Nationalism fueled the rapid growth of capitalism in the nineteenth and early twentieth centuries,[2] and is doing the same in China and India at the present time. In both countries globalization is being embraced not only because of the prosperity it makes possible, but also for the opportunity it creates to challenge Western hegemony. As China and India become great powers they will demand recognition of their distinctive cultures and values, and international institutions will have to be reshaped to reflect the legitimacy of a variety of economic and political models. At that point the universal claims of the United States and other Western nations will be fundamentally challenged, and the global balance of power will shift.

Interview with BCA Research economist Martin Barnes on our strange and fascinating low-return macro times.

Why do you see inflation staying low? Yeah, we've had the almost perfect conditions for inflation in the last few years. The Fed has run a very stimulative monetary policy. We have run big budget deficits. We have driven the dollar down. To top it off, oil prices are up. We've had the perfect inflationary mix, and yet we haven't really had any inflation despite that.

If you look around the world, there is no evidence of inflation at all. China is perhaps the best place to prove it. Here is a country that has been growing at 9% to 10% and effectively adopted U.S. monetary policy by pegging its currency to the dollar. Yet there is no inflation in China at all. In fact, there is deflation, and that tells you there is something very powerful going on there in terms of a supply-side boom.

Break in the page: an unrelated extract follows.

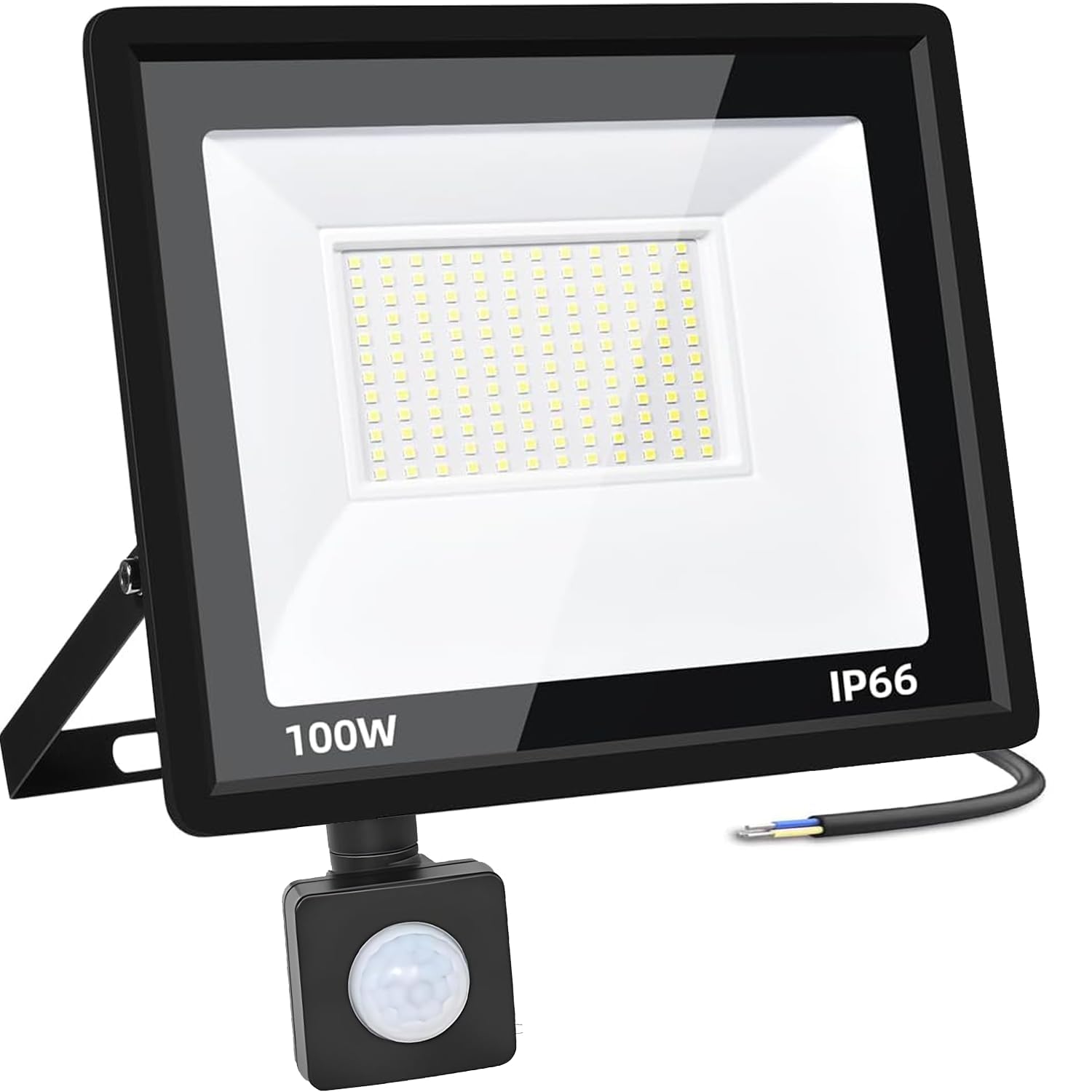 Createstar Faretto LED Esterno con Sensore 100W 10000LM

In the U.S., there are tough competitive conditions. And the Internet and technology in general is still a very powerful force for disinflation. There are pockets of inflation, but the overall picture isn't all that bad. The Fed's view is there is still a problem. They are worried about labor costs going up. But a lot of the inflation indicators we look at are rolling over. Producer prices are easing.

If the economy was to continue growing really strongly here, at a 4% clip for the next year, of course, there would be pressures on resources and the unemployment rate would fall and wages would go up. But that's not likely. The economy is going to do OK -- but I don't see it growing much above trend over the next year.


Would you expect to see capital expenditures stronger than they have been? The corporate sector is still in a post-bubble world after the information-technology boom. The Enron and WorldCom scandals have also shaken up the corporate world. Corporate executives are worried also about housing bubbles and trade deficits and protectionism. It is not an environment where companies feel that they want to be great heroes and strongly expansionist.

They are investing to become more efficient, but not expanding capacity in a big way. They could have invested more strongly, given how healthy cash flows have been, but they've been focusing more on repairing balance sheets and getting their financial house in order, taking the view that the markets are rewarding them more for stronger finances than they would for being expansionist.

That attitude might change gradually the longer the economy stays OK. Then the problem becomes slowing profit growth. It is hard to make the case for capital-spending growth to accelerate. It is probably going to weaken a bit. You end up with a decent economy, but it is not going to be growing at an inflationary pace, in my view.